Faith Works 5-24-14
To place a memorial
In the hymn "Come, Thou Fount of Every Blessing," there's a line that gets fixed in some newer hymnals.
The original words by Robert Robinson in 1758 included, in the second verse, "Here I raise my Ebenezer…"
Sometimes spelled out Eben-Ezer, the word – actually a phrase – in Hebrew means "stone of help." We hear of it in the Bible in I Samuel, where in the seventh chapter a memorial is set to help the people remember a victory in battle and the price paid to recover the Ark of the Covenant from the Philistines.
Samuel wants the people to remember what God has done for them, and so he sets a stone upright, and gives the place a name. An Eben-ezer.
There was a precedent for this just after the people of Israel entered the promised land across the Jordan River, after the passing of Moses on Mount Nebo and under the leadership of Joshua. At a place called Gilgal, Joshua orders that from where the nation crossed the river, twelve stones for the twelve tribes be taken out of the river bed, and set up on the high ground beyond the crossing – a memorial place. A tool for remembering.
The line in the hymn gets changed both because we don't know the narrative of the Bible so well any more, even in church, and because people blink and look puzzled and ask what this song has to do with Scrooge (who probably knew where his first name came from, even if it was an archaic Puritan usage even in 1830s London). But the idea remains, and in truth is too common for us to think of as unusual.
Monday is Memorial Day. Many of us will go to places set apart, where stones have been carved and set up and blessed by prayer and processions. I will be offering up an invocation and benediction in the morning at Granville's Memorial Day observances, which have been held consistently since 1868 . . . which in this part of the world is a long time to persist in remembrance.

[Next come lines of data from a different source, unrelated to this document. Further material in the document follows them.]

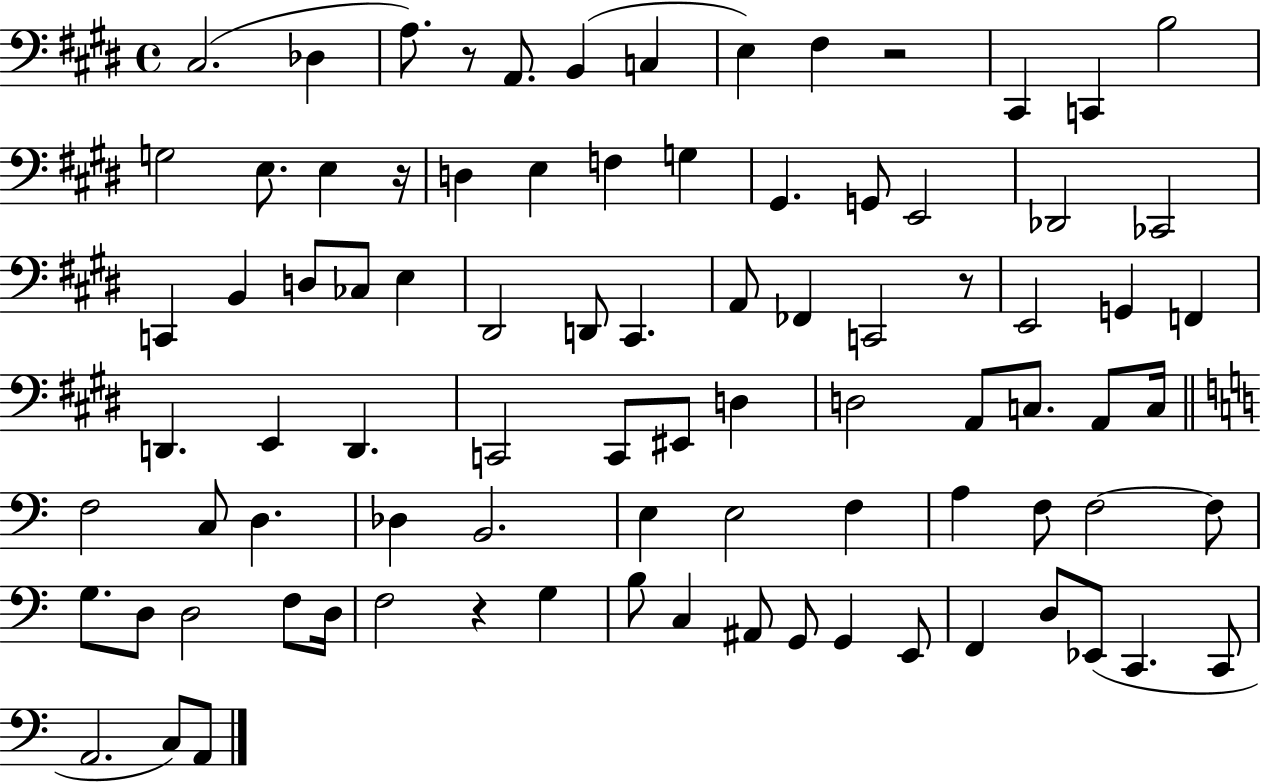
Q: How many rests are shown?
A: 5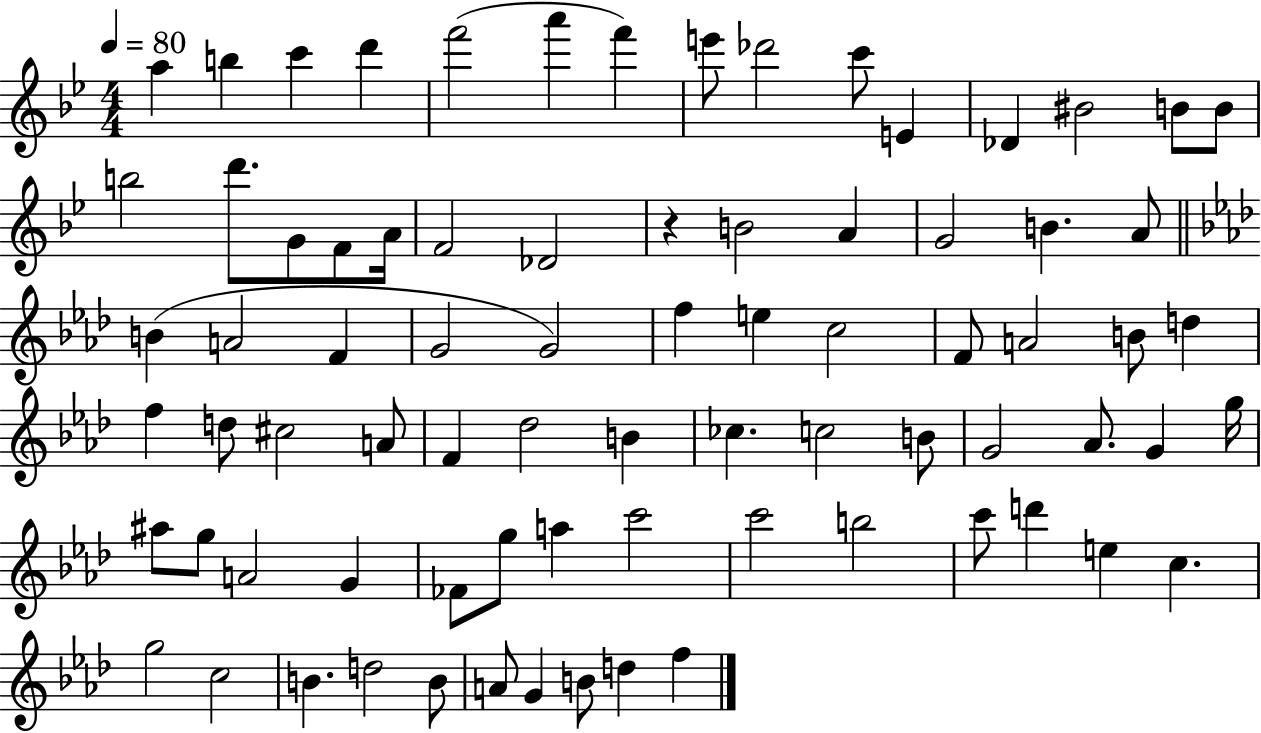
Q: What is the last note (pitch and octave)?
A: F5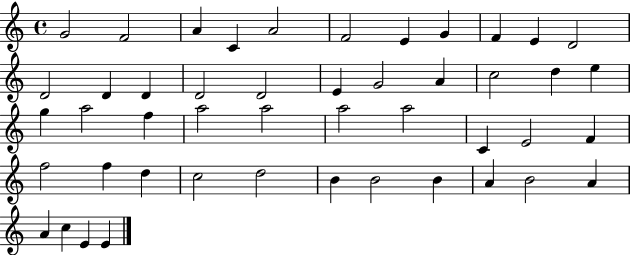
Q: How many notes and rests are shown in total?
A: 47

Maple Grove Cemetery began with Civil War committals as the historic Old Colony Burying Ground, started in 1805, was filling up. Some wander after the Memorial Day program, with bands playing and young people reciting "In Flanders Fields" and "The Gettysburg Address," just a few blocks west to the older, even quieter place of memorial and memory.
All over Licking County, veteran's honor guards and buglers will work to cover all the active cemeteries they can, even if it's no more than to fire a salute, play "Taps," and say a prayer. It is how we remember, in between the picnics and the parties which are also a part of the commemoration. Perhaps not all who attend them stop as long as some would like to remember the sacrifices made on battlefields and in encampments far from home, but I think it's also worth noting that for those who serve and they who "gave the last full measure of devotion," their desire was that their family and friends and descendants would someday be able to get back to joyful picnics and quiet evenings watching birds sing.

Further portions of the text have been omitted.